Alain Françon met en scène Pièces de guerre d'Edward Bond
Notice
Accueilli en 1994 par le Festival d'Avignon, Alain Françon met en scène les Pièces de guerre d'Edward Bond au Gymnase du Lycée Saint-Joseph. Extraits de Grande paix, dernière partie de la trilogie, et interview du dramaturge britannique.
Éclairage
Edward Bond est un dramaturge, scénariste, metteur en scène, théoricien et traducteur anglais né en 1934. Il écrit pour le théâtre depuis la fin des années cinquante. Il devient rapidement un auteur emblématique du « Swinging London ». En 1965, sa pièce Sauvés (Saved) fait scandale en représentant notamment la lapidation d'un enfant dans son berceau. Les débats qui accompagnèrent en 1968 les représentations de Au petit matin (Early morning) aboutirent la même année à l'abolition de la censure théâtrale en Angleterre. Auteur de plus de quarante pièces, Edward Bond ne cesse de traduire son engagement politique en remettant en question sa propre dramaturgie et sa réflexion sur l'esthétique théâtrale.
En 1994, Alain Françon met en scène Pièces de guerre dans le cadre du Festival d'Avignon. Lors de la même édition est mis en scène, par Alain Milianti, un autre texte de Bond. Il s'agit de Bingo, une pièce écrite en 1974.
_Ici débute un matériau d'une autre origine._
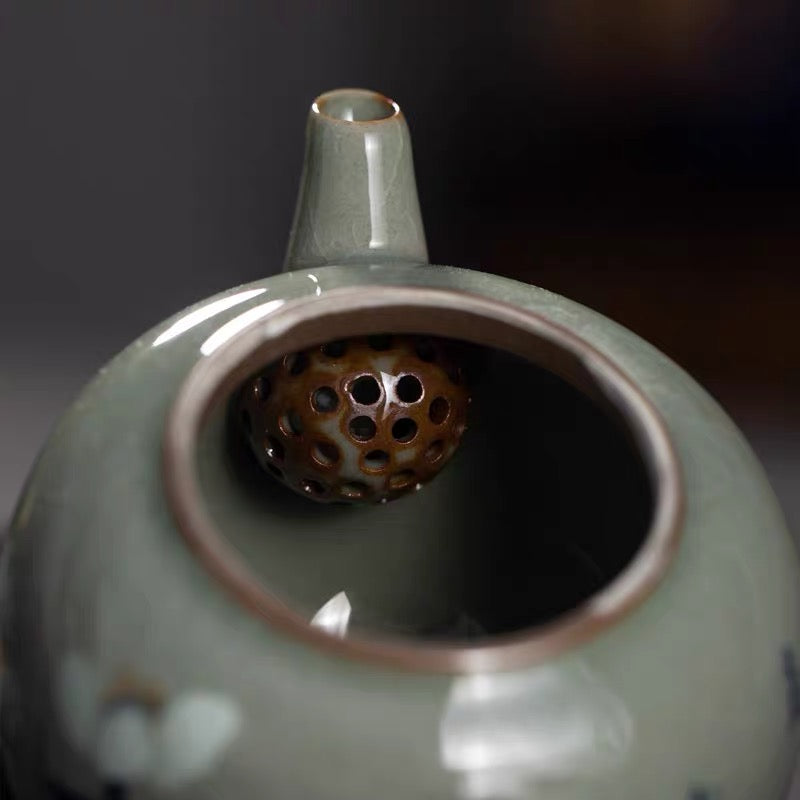 Jingdezhen Wood-Fired Kiln Old Clay Handmade Lotus Blue and White Underglaze Color Teapot.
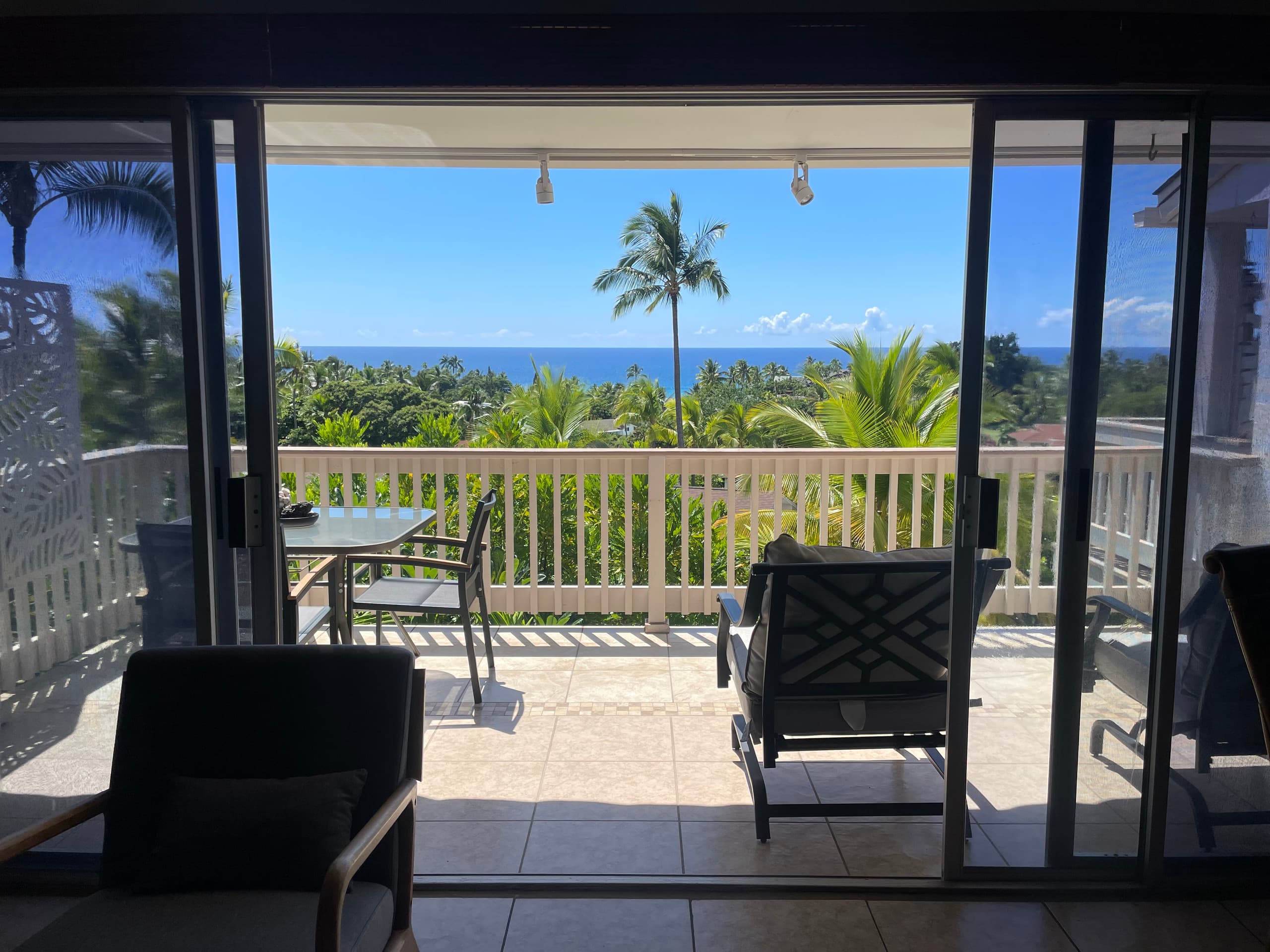 Townhouse in Kailua-Kona · ★4.75 · 1 bedroom · 2 beds · 1 private bath - Image 17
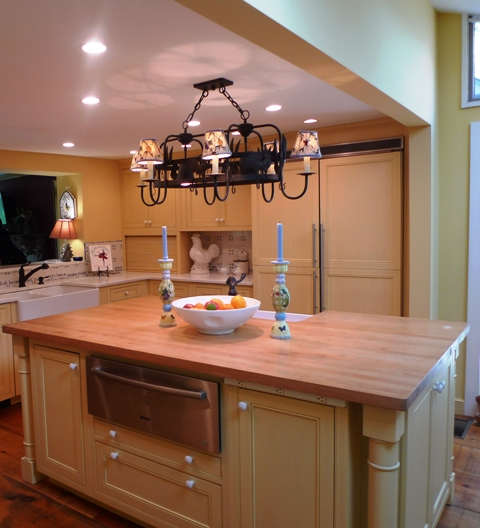 Kitchen isle with built-in warmer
Trilogie écrite entre 1983 et 1985, Pièces de guerre est composé de trois pièces : Rouge, noir et ignorant ; La Furie des nantis ; Grande Paix (de cette dernière partie sont issus les extraits diffusés au cours du reportage). Représenté en intégralité, le spectacle dure sept heures. Alain Françon retrouve l'écriture de Bond après avoir créé, en 1992, La Compagnie des hommes (Paris, Théâtre de la Ville). Il avait alors inauguré un long compagnonnage avec l'auteur britannique dont il mettra en scène par la suite, et notamment au Théâtre National de la Colline, de nombreuses œuvres. Parmi la distribution, qui comprend, entre autres, Carlo Brandt, Clovis Cornillac, Gilles David et Valérie Dréville, figurent des comédiens qui participeront à ces mises en scène ultérieures. La scénographie, conçue par Jacques Gabel, représente un territoire dévasté. Le reportage montre par ailleurs l'interprétation d'une didascalie de la pièce selon laquelle la position des personnages reprend la construction d'un tableau de Francesco Goya (Tres de Mayo, 1814, Musée du Prado, Madrid, Espagne).
Le reportage présente la situation initiale de Grande Paix : un soldat reçoit l'ordre de revenir dans sa ville natale pour y tuer un enfant. Ne se résignant pas à tuer le bébé de sa voisine, il tue celui de sa mère. Il s'agit d'un exemple de ce qu'Edward Bond nomme « situation de la porte ou du seuil », où le personnage se trouve confronté à un dilemme qui ouvre la scène au tragique.
En faisant appel à la figure du Chœur, en revendiquant la trivialité et la poésie de la langue, le dramaturge interroge les fondements du théâtre et son rapport au contemporain. Toute la pièce développe, sur le mode du détour, une réflexion sur la justice, l'autorité et le langage du pouvoir. Ses personnages incarnent la posture conflictuelle de l'individu à l'encontre de la société.
Le document met en perspective le sujet de la pièce, et particulièrement le rapport de l'homme à la technique et à l'armement, avec l'actualité mondiale. Toute la dramaturgie de Bond est traversée par la pensée de l'héritage d'Auschwitz et d'Hiroshima. En cherchant à donner une forme théâtrale au monde qui suit immédiatement la catastrophe et le désastre, l'auteur fait venir sur scène des témoins dont le corps et la langue ont été bouleversés. Entre récapitulation et anticipation, la pièce met en jeu la violence extrême des images, des situations et des mots. Participant de ce nouveau théâtre de la cruauté que continue d'élaborer le dramaturge, Pièces de guerre représente le processus selon lequel l'humain est amené à côtoyer le mal et le monstrueux. C'est dans cette rencontre qu'adviendrait le « paradoxe de la paix » dont les protagonistes font ici l'épreuve.